Dutch police arrested dozens of fans of soccer club AZ Alkmaar after chanting antisemitic songs on the train on their way to their team's match against AFC Ajax on Sunday (which ended in a 0-0 draw).
The police warned the fans to stop the antisemitic chants, but they didn't cooperate, resulting in the arrest of over 150 fans.
Ajax is associated with the Jewish community due to its stadium's location near a Jewish neighborhood in the 1930s, and many of its fans and players being Jewish.
Over the years, the team has embraced a "Jewish identity" for themselves and among other things, waving Israeli flags and singing Jewish songs like "Hava Nagila."
Rabbi Menachem Margolin, the Chairman of the European Jewish Association, thanked the Dutch police for their decisive handling of fans who made antisemitic chants and called on the management of Ajax to engage in educational activities with the participation of the team's stars and to declare the adoption of the principles of the International Holocaust Remembrance Alliance.

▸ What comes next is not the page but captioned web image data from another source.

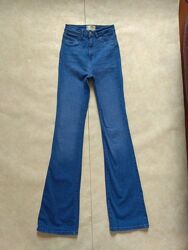 Стильные джинсы клеш с высокой талией Tally weijl, 34 размер. 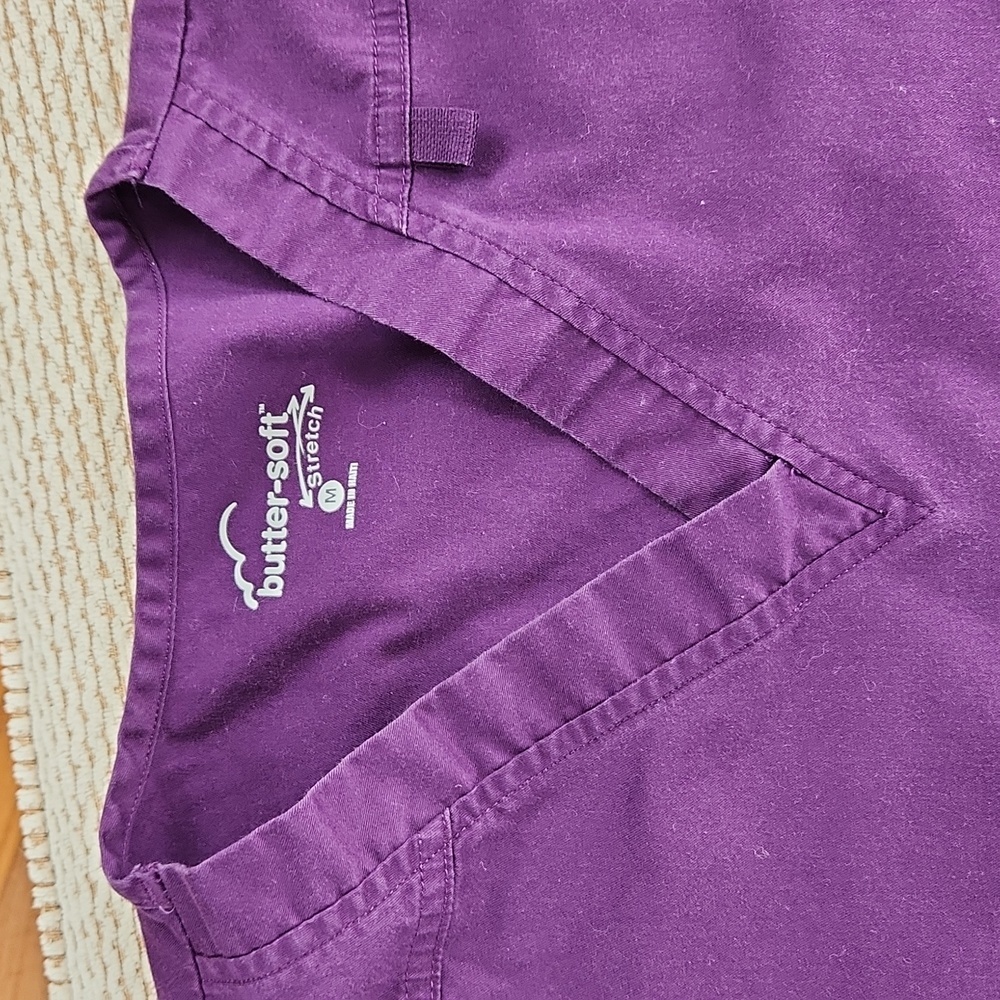 Plumb nurses scrubs. Top and pants, medium - Picture 6 of 7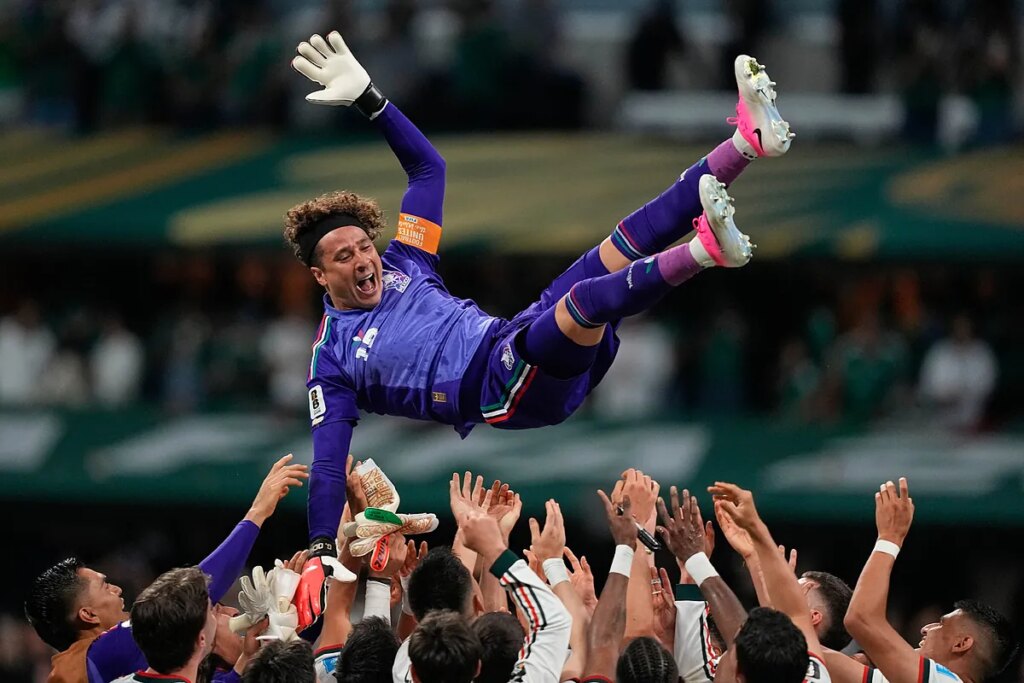 Homenaje a 'Memo' Ochoa en su último Mundial: "Es un ídolo para nosotros"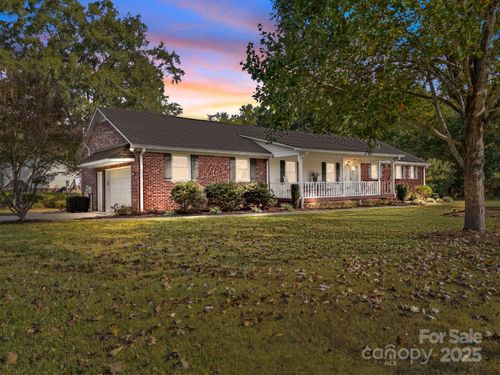 310 Jacobs Dr, Salisbury, NC, 28144-9464 | Card Image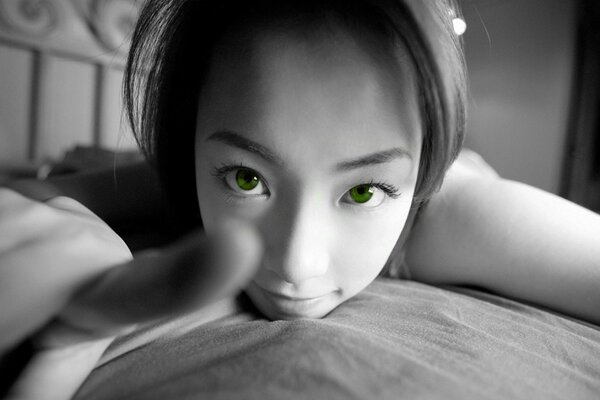 Chica asiática con ojos verdes se hace una selfie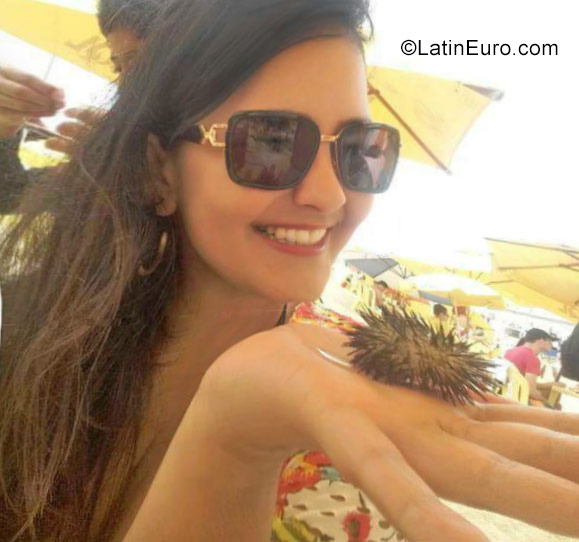 Date this pretty Brazil girl Marcela from Maceio BR10516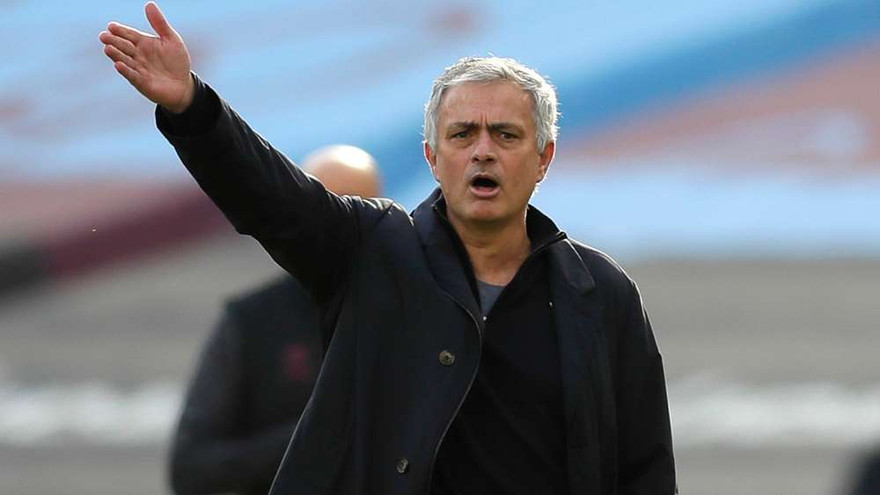 HLV Jose Mourinho đang sa lầy cùng Tottenham.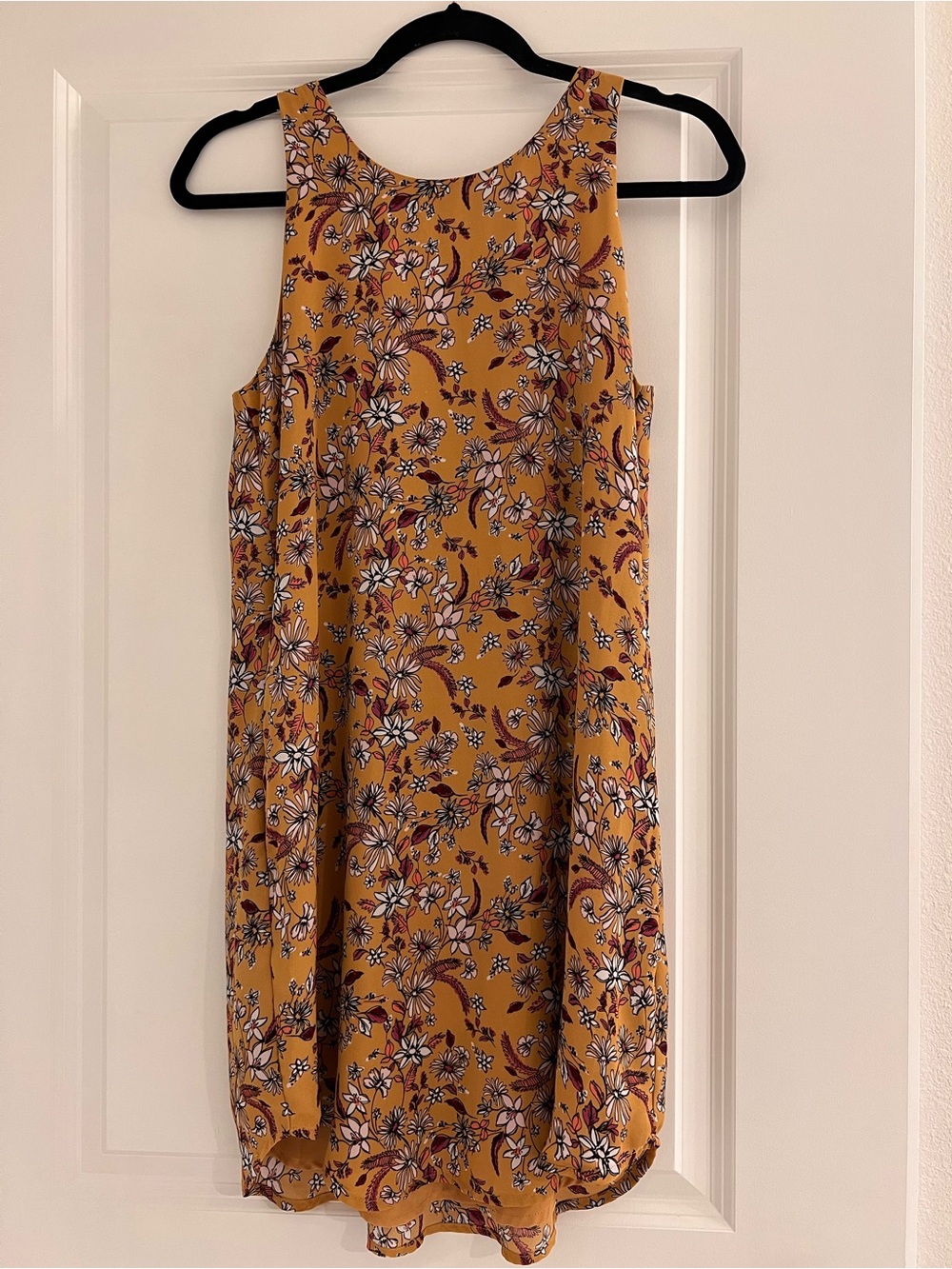 Pink Republic Mustard Sleeveless Floral Midi Dress w/ Pockets - Size Medium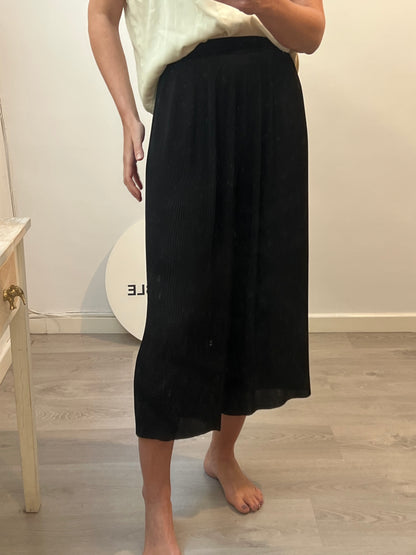 ZARA. Pantalón culotte negro plisado T.m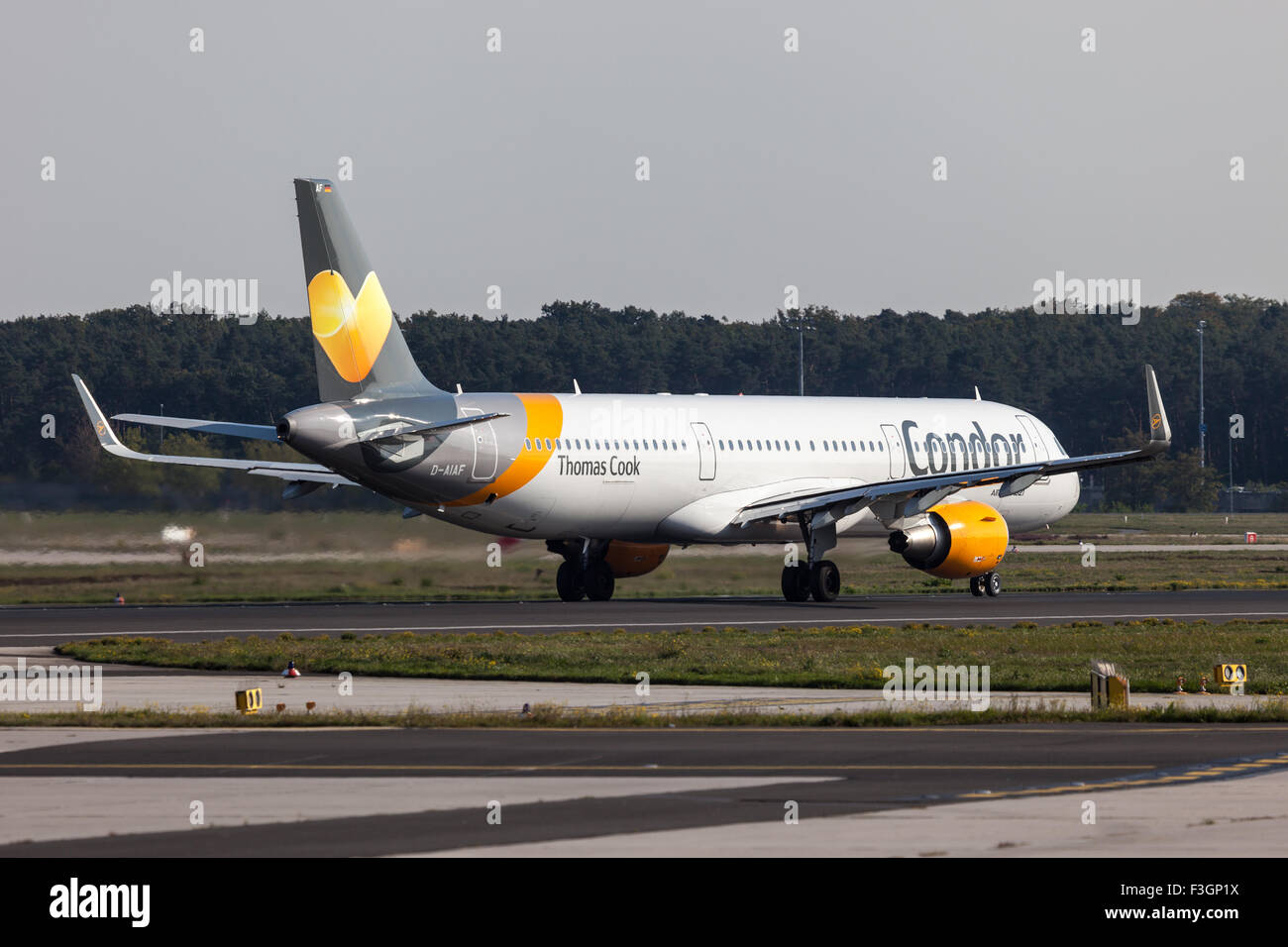 Condor Airbus A321 presso la pista dell'aeroporto di Francoforte Foto Stock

"There is no place in Europe in 2023 for antisemitic songs of hatred, and those who do not act decisively nowadays against the hatred of Jews will find themselves attacked in the future by the same brutes under a different pretext," said Rabbi Margolin, recommending taking an example from the impressive educational activities carried out by the English team FC Chelsea, which won the King David Award from the EJA (European Jewish Association) for its ongoing struggle against antisemitism and hateful discourse on and off the field.